MIA: Encyclopedia of Marxism: Glossary of People
Nogin, V. P. 1894-1926
Central Committee member of the Bolsheviks. According to Krupskaya, “Nogin was a conciliator who was out to unite all and everyone”, referring specifically to the rift between the Bolshevik and Menshevik wings of the R.S.D.L.P. In 1910, a time of severe reaction, Nogin was made responsible for setting up an illegal Bolshevik organisation in Russia, an opportunity Nogin used to try to bring Bolsheviks and Mensheviks into closer cooperation. During the period of the Provisional Government before the October Revolution, Nogin, along with Kamenev, Zinoviev, Rykov, Lunacharsky and Miliutin, opposed calling for the overthrow of the Provisional Government, and resigned from both the Central Committee and the Council of People's Commissars in protest, but all subsequently supported Lenin's policy for an insurrection.
After the Revolution, Nogin was a member of first Council of People's Commissars, i.e., the first Soviet Government, and People's Commissar for Commerce and Industry. One of only three of that first Soviet government to die a natural death, dying in 1926.
Northcliffe, Lord (A. C. W. Harmsworth) (1865-1922)

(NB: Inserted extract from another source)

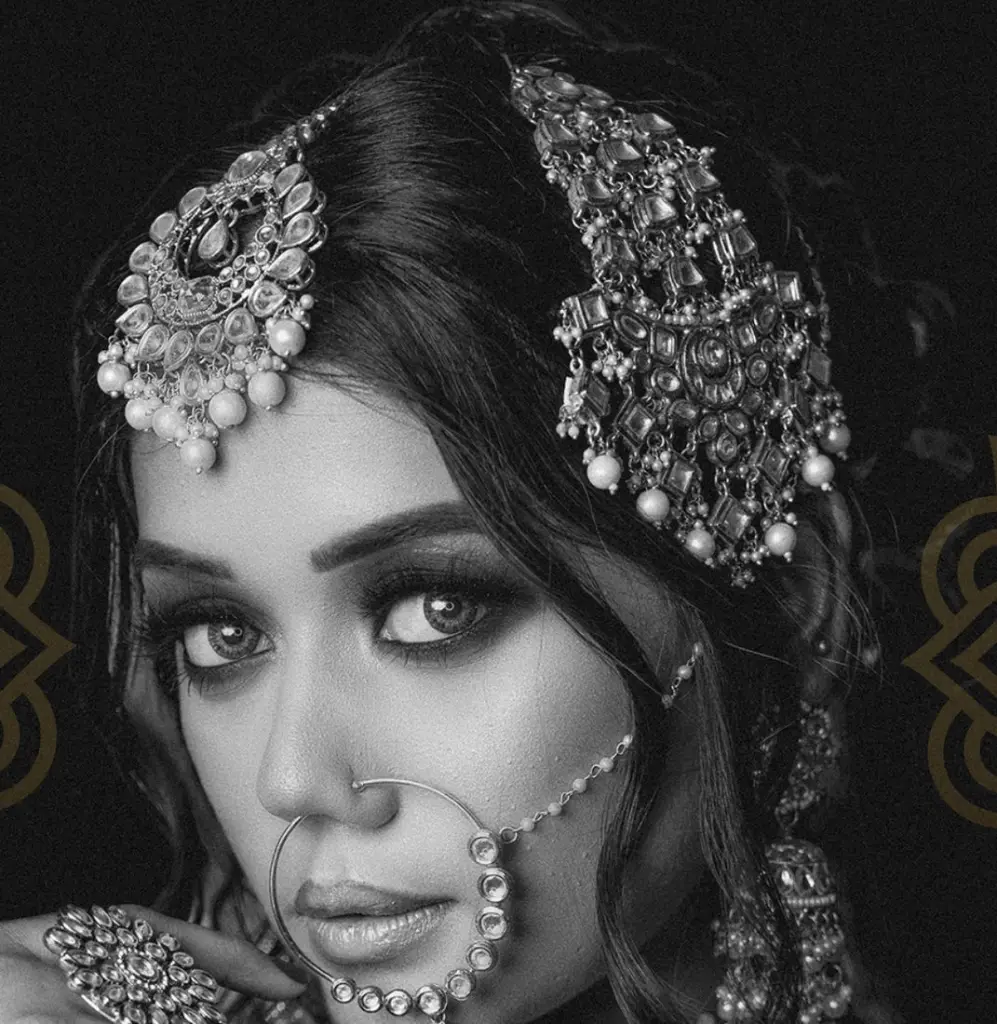 Aayra bride in black and white, wearing a jewelled maang tikka, nath and earrings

First of the modern Press barons, he pioneered popular magazines and dailies, founding the Daily Mail in 1896 and the Daily Mirror in 1903. He took over The Times in 1908 and used it to conduct a prolonged controversy with Lloyd George over war tactics, which he thought were insufficiently agressive. He was a public critic of Kitchener and directed British war propaganda abroad during 1918. Uncle of Lord Rothermere who became owner of the Daily Mail.
Noske, Gustav (1868-1946)
Novack, George (1905-1992)
Born in Boston and Harvard educated, Novack was on a successful track in the publishing business, when the beginning of the Great Depression radicalized him. He joined the Trotskyist SWP in 1933 and a member of its National Committee from 1941. Author of many articles and books on Marxist philosophy, including the widely available Introduction to the Logic of Marxism.
Novotny, Antonin (1904-1975)
Worker in Czech arms factory; joined CP 1921; in concentration camp 1941-45; First Sec. Czechoslovakian CP early 1953; focussed economy on development of heavy industry; resigned March 1968, in face of mounting opposition and isolation within the Party.